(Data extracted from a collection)

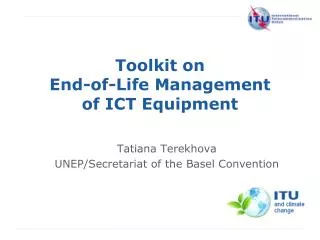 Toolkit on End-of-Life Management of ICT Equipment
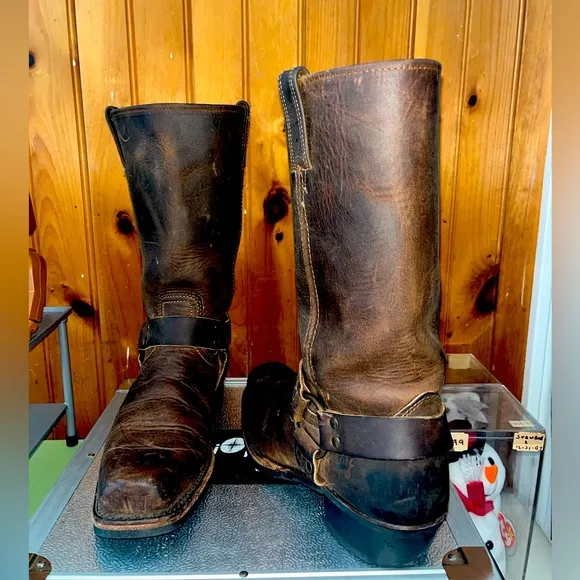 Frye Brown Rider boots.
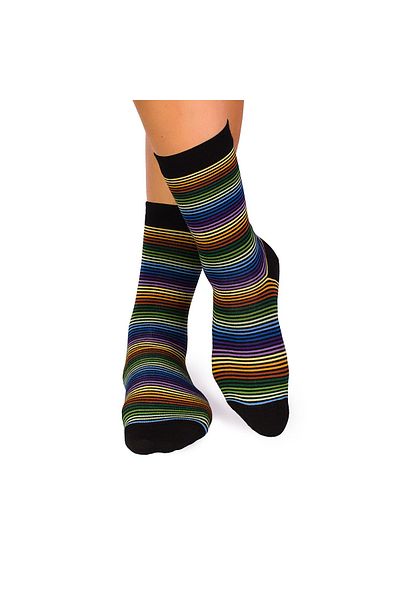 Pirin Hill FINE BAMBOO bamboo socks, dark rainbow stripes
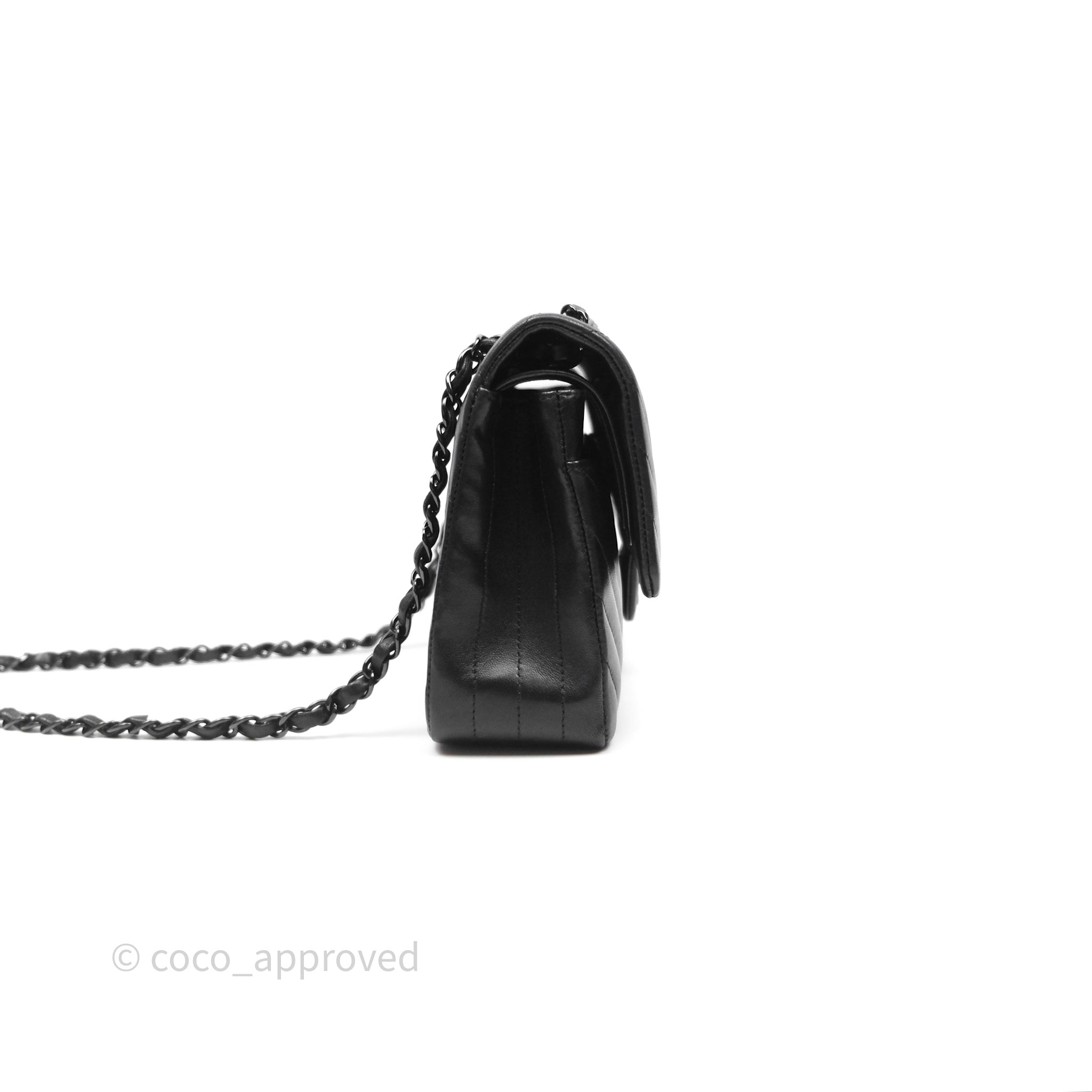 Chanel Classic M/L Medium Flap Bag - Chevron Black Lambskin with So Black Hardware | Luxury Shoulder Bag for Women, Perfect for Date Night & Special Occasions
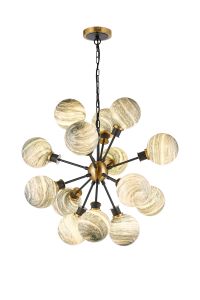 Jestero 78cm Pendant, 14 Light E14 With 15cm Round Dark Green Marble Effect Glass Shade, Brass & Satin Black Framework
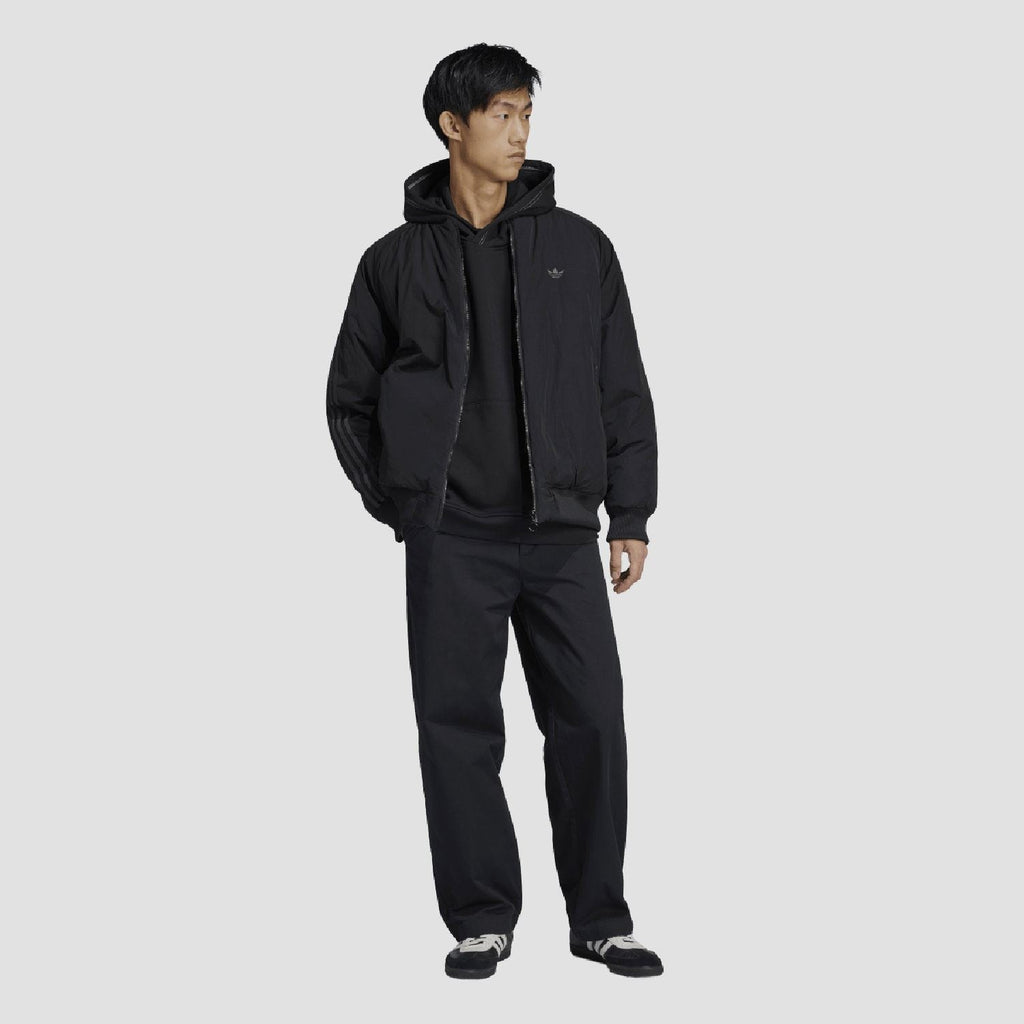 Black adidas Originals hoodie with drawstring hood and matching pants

## Exercise requirements
Please print every record exactly, leaving out the pictures.

## Result
 Toolkit on End-of-Life Management of ICT Equipment
 Frye Brown Rider boots.
 Pirin Hill FINE BAMBOO bamboo socks, dark rainbow stripes
 Chanel Classic M/L Medium Flap Bag - Chevron Black Lambskin with So Black Hardware | Luxury Shoulder Bag for Women, Perfect for Date Night & Special Occasions
 Jestero 78cm Pendant, 14 Light E14 With 15cm Round Dark Green Marble Effect Glass Shade, Brass & Satin Black Framework
 Black adidas Originals hoodie with drawstring hood and matching pants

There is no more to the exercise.